At lunch today, I sat with a student and her advisor and looked over financial aid packages from the various colleges she was accepted to.

And this afternoon, I watched a group of kids performing Shakespeare in an 11th grade English class.

In between those events, there were emails answered, phone calls made, a memo or two written, but more importantly, there were lots of conversations with students and teachers, some light and fun, some serious. It was, in other words, a typical day at school.

We need to understand how precious that really is.

Most people don’t have the kind of days teachers have. Most people don’t have a chance to pull a student aside and make them think or care or wonder. Most people don’t laugh as much during the days as we do. Most people don’t cry as often as teachers do. Most people simply don’t feel as much as we do.

And many people have to sit in offices, which I did for a few years — school is more fun.

This isn’t to say the job is easy – it’s not. The point isn’t that we get our summers off or anything like that. Teachers work hard at an incredibly emotionally and intellectually challenging job every day.

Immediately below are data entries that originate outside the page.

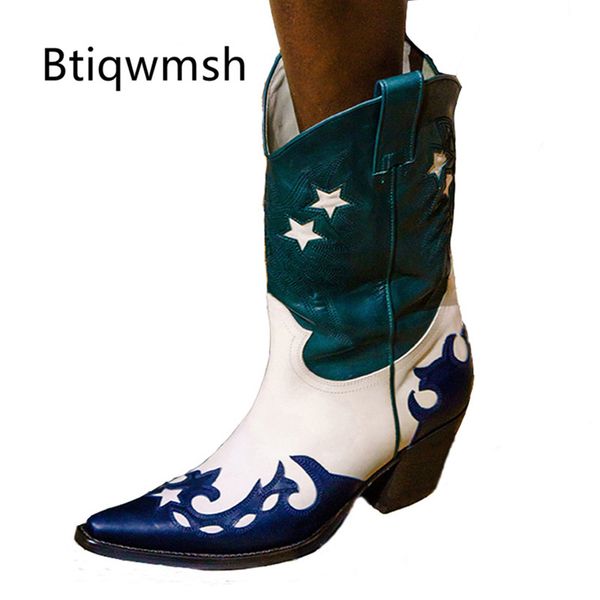 2019 retro ankle boots women point toe stars embroidery mixed color cow leather patchwork wedges shoes woman fashion cowboy boot, Black
2019 retro ankle boots women point toe stars embroidery mixed color cow leather patchwork wedges shoes woman fashion cowboy boot, Black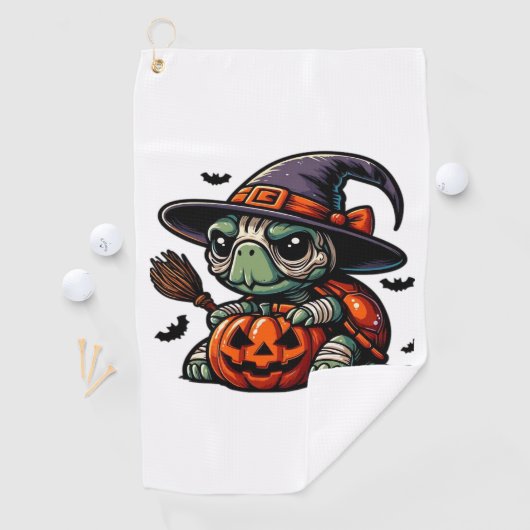 Halloween Tortoise Turtle Witch Hat Costume Spooky ゴルフタオル (インサイチュ)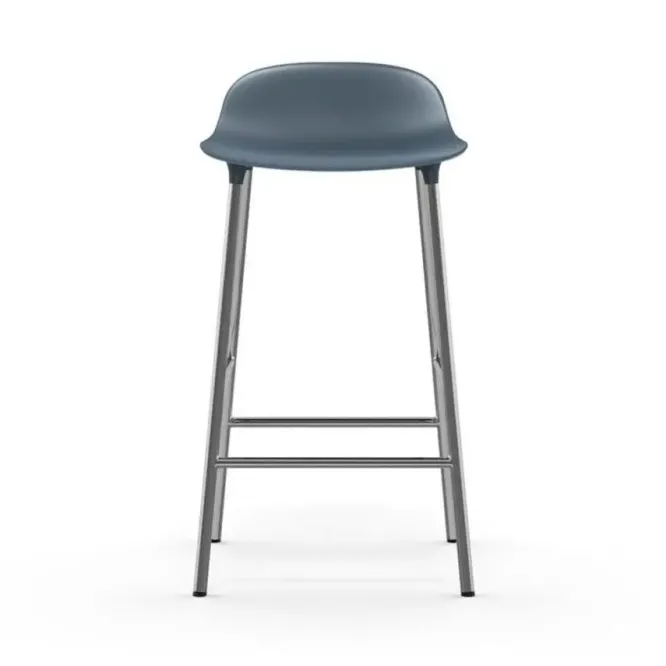 Krzesło Barowe Form Chromowana Podstawa Niebieskie Normann Copenhagen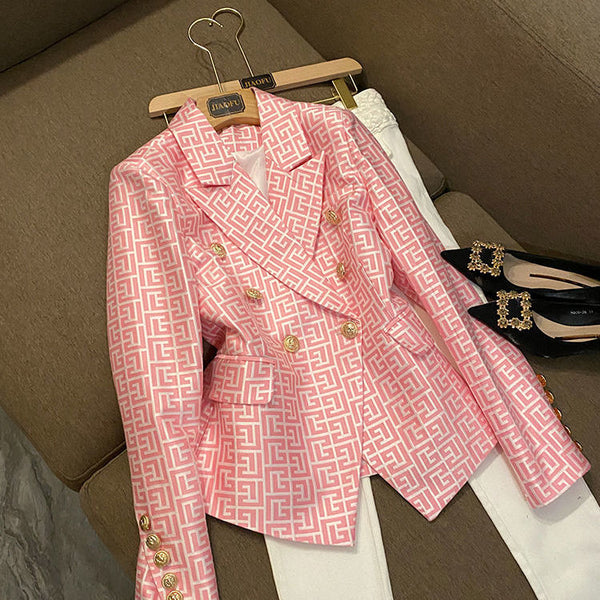 Balmain European and American double-breasted pink suit with jacquard slim fit Blazers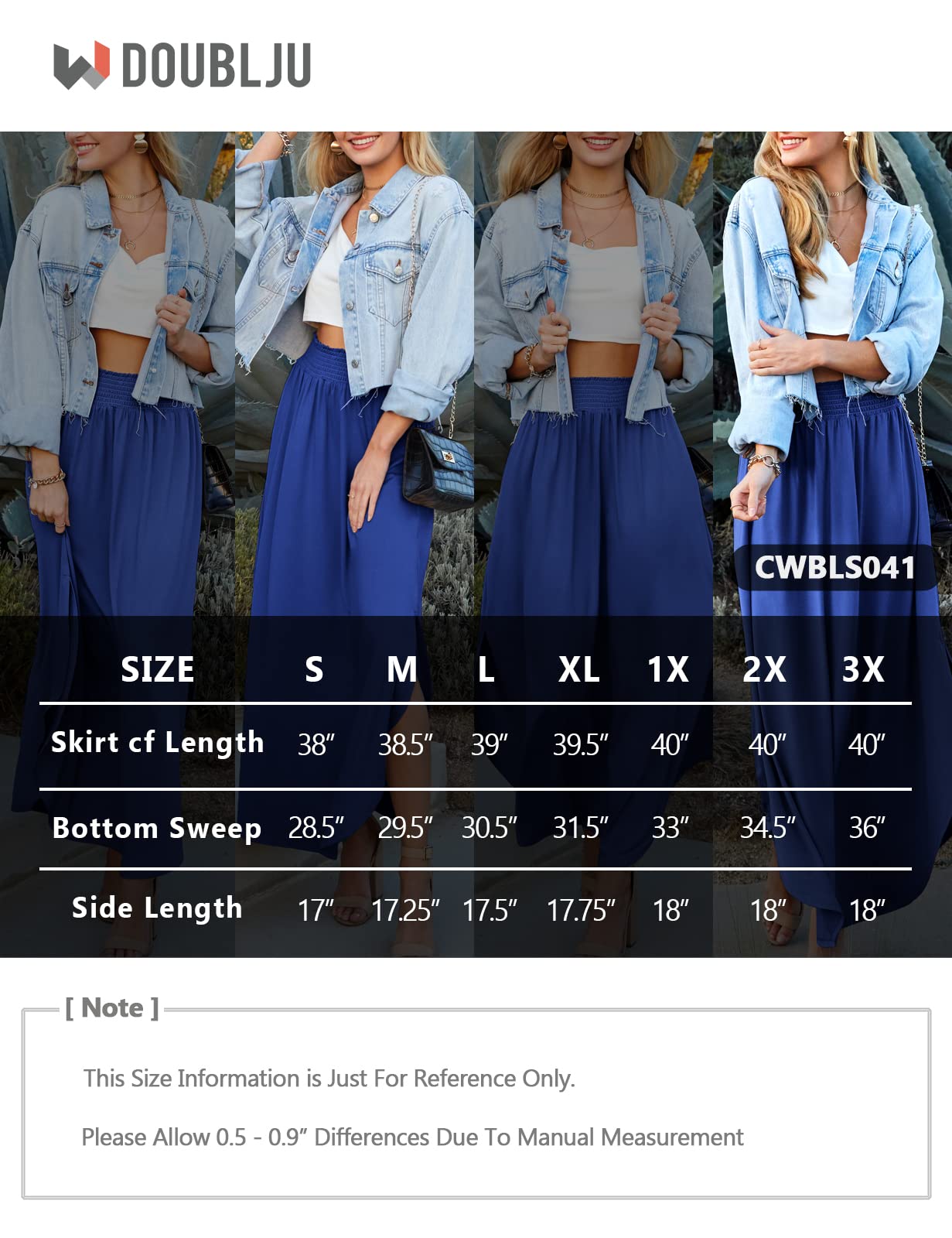 DOUBLJU Women's High Waisted Maxi Skirt - Elastic Waistband, Ankle Length Summer Long Skirt - Trendy Casual Flowy Skirt for Plus Size & Regular Sizes - Perfect for Beach, Vacation, and Everyday Wear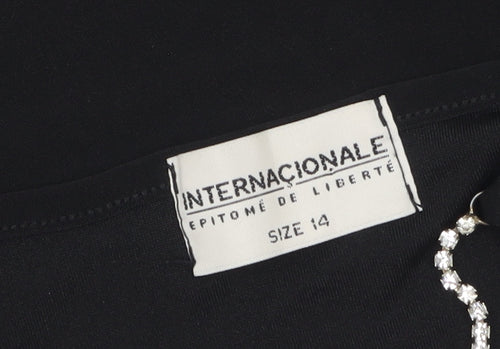 Internacionale Women's Black V-Neck Sleeveless Tank Top Size 14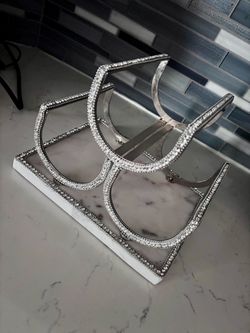 Rhinestone Embellished 3-Bottle Wine Rack with Marble Base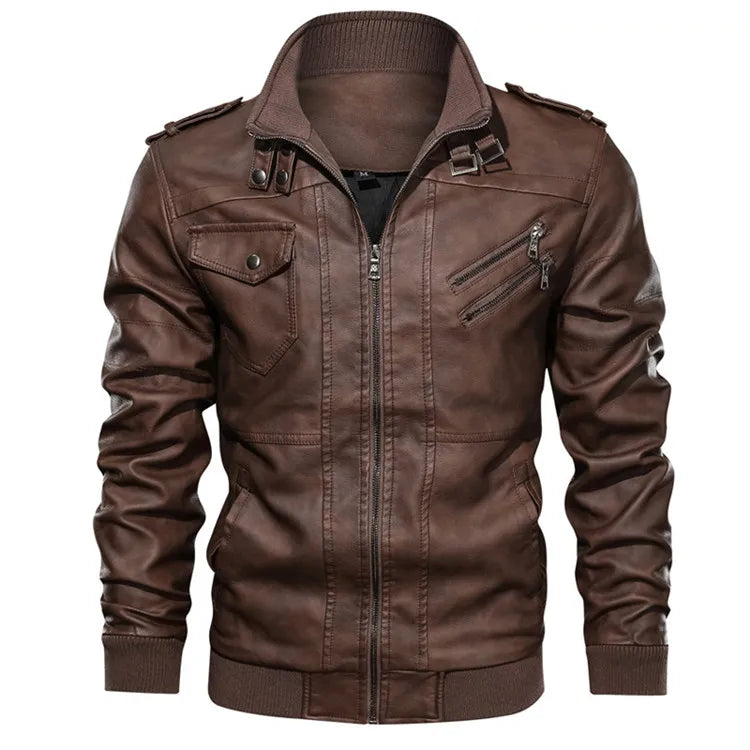 Kb novas jaquetas de couro masculino outono casual motocicleta jaqueta do plutônio motociclista casacos de couro roupas marca tamanho da ue sa722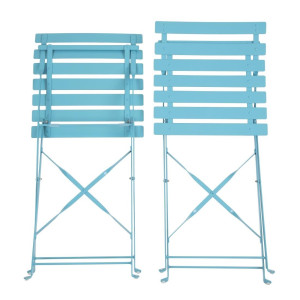 Terrasstoelen van staal - turquoise blauw - Set van 2 - Bolero - Fourniresto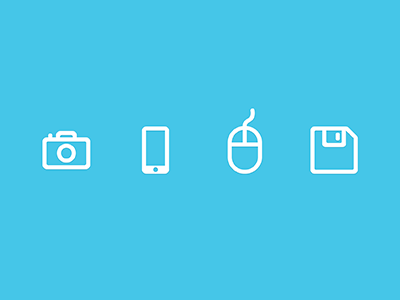 Minimal Line Icons blue camera electronics floppy disk graphics iconography icons lines minimal mouse phone simple
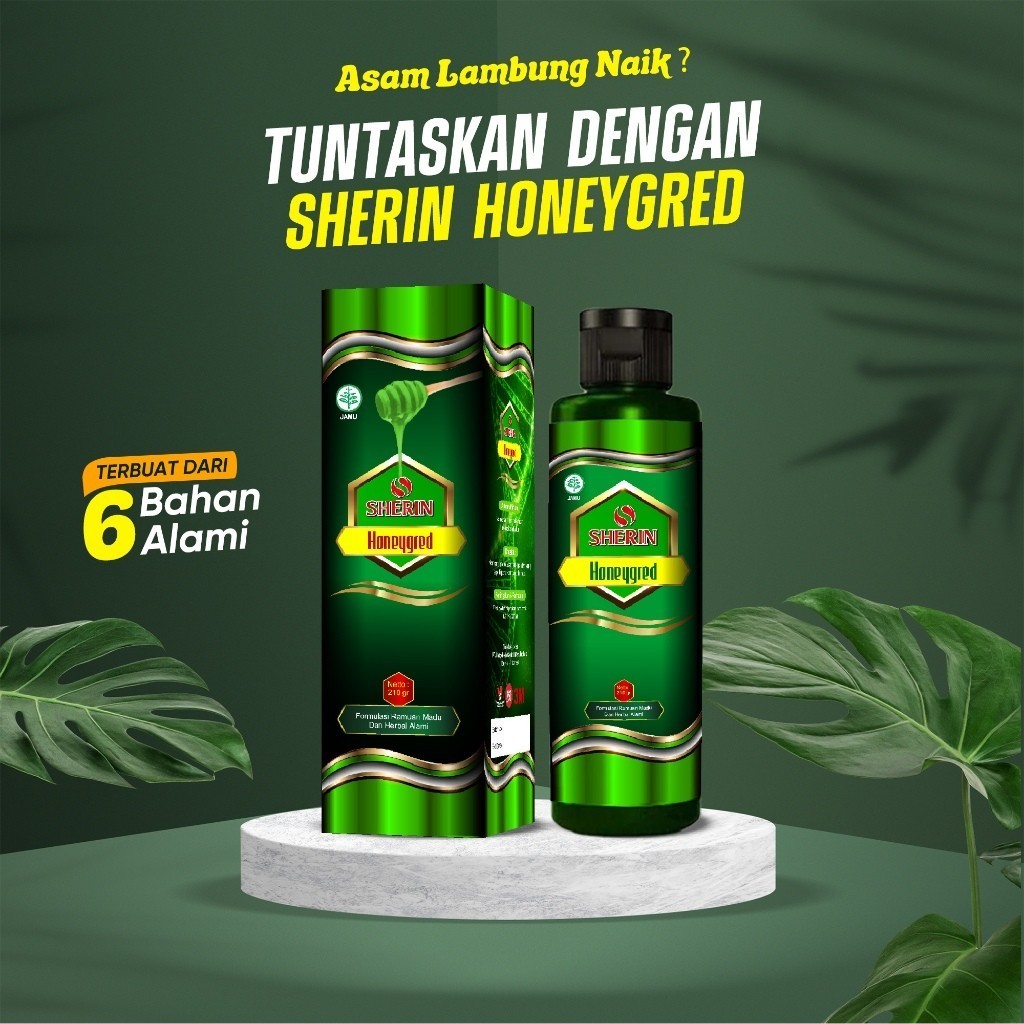 Madu Honeygred 210gr | Herbal Madu Hijau Untuk Maag Gerd dan Masalah Lambung Lainnya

But we need to remember a few things:

  1. No one made us do this.
  2. We don’t have to keep doing it.
  3. We aren’t the only people in the world who work hard.
  4. We get to hang out with kids all day long.

We need to keep these things in perspective, because we do no one any good when we perceive ourselves to be victims or martyrs. We need to own that we made the decision to teach and keep teaching. And it was a good decision to make, because as hard as we work, and as ridiculous as some of the policies being imposed on schools are, we stay the lucky ones.

We get to teach.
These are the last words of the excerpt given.